▸ Your objective
Below are the records; copy exactly the stretch from the line containing "Fig. 09 - False lumen occluder" through the line containing "Hospital Equipment Endoscope", both ends included, and nothing else.

▸ Records to use
BEGIN
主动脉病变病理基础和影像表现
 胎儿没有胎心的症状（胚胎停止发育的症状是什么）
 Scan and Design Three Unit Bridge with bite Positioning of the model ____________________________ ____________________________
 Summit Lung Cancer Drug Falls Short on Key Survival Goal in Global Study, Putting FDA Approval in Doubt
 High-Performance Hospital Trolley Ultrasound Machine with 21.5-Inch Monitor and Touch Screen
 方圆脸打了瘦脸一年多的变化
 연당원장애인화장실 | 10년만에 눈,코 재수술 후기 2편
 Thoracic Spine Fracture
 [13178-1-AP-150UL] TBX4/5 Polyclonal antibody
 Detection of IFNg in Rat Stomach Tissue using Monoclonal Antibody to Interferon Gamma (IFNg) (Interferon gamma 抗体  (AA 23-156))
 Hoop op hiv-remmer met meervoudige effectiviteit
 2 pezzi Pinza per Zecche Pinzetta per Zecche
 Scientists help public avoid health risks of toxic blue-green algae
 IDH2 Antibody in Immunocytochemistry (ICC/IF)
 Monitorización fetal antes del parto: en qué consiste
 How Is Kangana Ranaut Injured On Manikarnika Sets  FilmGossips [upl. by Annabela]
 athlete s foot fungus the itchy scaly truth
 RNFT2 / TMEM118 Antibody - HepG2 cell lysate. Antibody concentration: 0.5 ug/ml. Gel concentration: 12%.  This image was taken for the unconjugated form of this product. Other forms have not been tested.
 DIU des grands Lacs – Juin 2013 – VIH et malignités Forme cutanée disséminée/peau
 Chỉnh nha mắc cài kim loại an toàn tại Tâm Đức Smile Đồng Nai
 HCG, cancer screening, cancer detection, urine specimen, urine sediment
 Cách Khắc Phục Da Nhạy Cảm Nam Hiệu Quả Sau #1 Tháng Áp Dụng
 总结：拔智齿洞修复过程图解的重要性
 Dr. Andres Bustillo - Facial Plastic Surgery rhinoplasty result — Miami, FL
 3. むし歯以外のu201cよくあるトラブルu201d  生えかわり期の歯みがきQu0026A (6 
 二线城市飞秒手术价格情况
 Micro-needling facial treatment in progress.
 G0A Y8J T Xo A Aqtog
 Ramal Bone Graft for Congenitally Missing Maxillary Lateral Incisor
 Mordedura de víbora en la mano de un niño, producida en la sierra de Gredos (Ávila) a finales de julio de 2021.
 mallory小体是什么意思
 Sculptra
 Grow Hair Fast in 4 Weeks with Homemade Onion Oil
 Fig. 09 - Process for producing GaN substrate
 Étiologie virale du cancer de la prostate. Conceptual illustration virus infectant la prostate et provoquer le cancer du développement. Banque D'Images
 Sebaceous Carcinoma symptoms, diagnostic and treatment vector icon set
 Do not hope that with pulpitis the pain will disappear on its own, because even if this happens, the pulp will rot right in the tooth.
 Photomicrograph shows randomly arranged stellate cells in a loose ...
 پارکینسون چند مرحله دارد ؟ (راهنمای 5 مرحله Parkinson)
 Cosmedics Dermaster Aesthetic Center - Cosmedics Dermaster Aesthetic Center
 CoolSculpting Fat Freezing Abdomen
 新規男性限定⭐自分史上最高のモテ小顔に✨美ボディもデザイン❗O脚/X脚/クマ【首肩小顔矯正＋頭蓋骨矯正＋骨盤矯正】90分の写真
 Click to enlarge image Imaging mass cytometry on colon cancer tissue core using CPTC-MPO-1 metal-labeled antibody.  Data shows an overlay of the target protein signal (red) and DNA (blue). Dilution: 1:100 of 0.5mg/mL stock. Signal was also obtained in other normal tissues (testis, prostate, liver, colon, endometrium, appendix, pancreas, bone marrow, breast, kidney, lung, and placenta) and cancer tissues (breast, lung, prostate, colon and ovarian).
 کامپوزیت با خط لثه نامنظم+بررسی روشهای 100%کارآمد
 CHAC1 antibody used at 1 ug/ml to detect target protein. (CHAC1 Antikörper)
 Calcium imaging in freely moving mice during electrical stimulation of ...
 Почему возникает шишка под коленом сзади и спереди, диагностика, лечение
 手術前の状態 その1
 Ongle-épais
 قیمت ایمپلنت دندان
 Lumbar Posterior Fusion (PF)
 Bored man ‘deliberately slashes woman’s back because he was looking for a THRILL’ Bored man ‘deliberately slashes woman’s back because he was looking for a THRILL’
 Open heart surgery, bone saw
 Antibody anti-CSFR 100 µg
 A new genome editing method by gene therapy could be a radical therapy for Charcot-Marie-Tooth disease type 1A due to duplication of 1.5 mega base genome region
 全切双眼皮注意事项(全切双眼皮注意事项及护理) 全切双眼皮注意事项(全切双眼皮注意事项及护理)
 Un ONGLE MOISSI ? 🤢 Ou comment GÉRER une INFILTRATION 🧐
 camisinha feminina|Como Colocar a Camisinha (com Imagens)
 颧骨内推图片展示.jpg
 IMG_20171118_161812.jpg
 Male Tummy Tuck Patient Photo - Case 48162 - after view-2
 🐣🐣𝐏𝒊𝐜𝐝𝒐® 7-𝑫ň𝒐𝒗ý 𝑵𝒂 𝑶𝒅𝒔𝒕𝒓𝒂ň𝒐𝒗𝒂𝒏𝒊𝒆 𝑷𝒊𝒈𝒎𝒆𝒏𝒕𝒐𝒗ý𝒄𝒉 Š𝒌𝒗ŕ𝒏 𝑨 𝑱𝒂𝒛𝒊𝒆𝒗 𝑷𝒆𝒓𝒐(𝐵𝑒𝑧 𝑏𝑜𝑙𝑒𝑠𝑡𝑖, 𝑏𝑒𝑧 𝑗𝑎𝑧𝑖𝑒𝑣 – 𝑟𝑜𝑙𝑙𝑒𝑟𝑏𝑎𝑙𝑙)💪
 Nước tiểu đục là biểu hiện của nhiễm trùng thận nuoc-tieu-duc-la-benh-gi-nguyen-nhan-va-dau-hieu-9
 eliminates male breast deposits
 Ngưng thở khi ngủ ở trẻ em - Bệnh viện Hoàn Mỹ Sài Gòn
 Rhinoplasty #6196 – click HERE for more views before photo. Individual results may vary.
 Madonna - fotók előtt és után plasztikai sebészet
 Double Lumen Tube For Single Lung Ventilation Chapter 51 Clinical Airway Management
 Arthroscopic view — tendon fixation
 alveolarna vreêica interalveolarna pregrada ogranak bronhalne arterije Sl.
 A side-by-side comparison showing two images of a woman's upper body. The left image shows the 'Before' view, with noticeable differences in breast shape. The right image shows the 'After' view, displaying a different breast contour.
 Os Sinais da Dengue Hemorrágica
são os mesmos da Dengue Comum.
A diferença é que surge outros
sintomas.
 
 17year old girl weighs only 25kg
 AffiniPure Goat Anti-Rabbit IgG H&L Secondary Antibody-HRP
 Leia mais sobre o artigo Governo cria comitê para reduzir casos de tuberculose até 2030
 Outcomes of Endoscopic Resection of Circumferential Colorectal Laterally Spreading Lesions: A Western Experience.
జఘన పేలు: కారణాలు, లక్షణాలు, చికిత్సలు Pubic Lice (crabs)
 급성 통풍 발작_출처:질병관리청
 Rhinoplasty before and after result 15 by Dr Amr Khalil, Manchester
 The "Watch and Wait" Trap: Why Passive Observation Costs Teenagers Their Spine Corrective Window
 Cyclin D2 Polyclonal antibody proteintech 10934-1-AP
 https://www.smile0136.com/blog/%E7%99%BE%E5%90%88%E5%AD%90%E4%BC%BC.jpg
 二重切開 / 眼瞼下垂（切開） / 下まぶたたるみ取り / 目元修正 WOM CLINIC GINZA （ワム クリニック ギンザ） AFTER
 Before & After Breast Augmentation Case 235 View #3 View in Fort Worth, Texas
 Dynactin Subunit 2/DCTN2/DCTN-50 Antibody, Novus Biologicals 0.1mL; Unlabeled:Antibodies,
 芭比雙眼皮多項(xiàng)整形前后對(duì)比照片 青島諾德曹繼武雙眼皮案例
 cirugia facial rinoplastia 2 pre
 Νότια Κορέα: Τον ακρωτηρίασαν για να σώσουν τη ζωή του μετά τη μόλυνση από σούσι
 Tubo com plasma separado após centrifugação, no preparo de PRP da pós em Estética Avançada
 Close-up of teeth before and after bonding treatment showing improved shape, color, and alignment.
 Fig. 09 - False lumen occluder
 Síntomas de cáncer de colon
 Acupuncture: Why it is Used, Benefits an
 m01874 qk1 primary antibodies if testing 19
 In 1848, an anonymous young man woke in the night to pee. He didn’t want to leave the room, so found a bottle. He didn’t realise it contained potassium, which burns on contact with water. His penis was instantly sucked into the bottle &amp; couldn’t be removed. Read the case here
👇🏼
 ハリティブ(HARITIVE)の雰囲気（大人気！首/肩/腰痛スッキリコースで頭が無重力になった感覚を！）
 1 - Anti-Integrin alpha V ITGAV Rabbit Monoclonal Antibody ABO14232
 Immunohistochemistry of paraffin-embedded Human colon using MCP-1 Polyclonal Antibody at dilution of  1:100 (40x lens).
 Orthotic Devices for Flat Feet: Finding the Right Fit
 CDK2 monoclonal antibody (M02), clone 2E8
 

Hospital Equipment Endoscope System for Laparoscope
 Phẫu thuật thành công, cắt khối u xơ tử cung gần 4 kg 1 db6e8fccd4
END
▸ Completed exercise
 Fig. 09 - False lumen occluder
 Síntomas de cáncer de colon
 Acupuncture: Why it is Used, Benefits an
 m01874 qk1 primary antibodies if testing 19
 In 1848, an anonymous young man woke in the night to pee. He didn’t want to leave the room, so found a bottle. He didn’t realise it contained potassium, which burns on contact with water. His penis was instantly sucked into the bottle &amp; couldn’t be removed. Read the case here
👇🏼
 ハリティブ(HARITIVE)の雰囲気（大人気！首/肩/腰痛スッキリコースで頭が無重力になった感覚を！）
 1 - Anti-Integrin alpha V ITGAV Rabbit Monoclonal Antibody ABO14232
 Immunohistochemistry of paraffin-embedded Human colon using MCP-1 Polyclonal Antibody at dilution of  1:100 (40x lens).
 Orthotic Devices for Flat Feet: Finding the Right Fit
 CDK2 monoclonal antibody (M02), clone 2E8
 

Hospital Equipment Endoscope System for Laparoscope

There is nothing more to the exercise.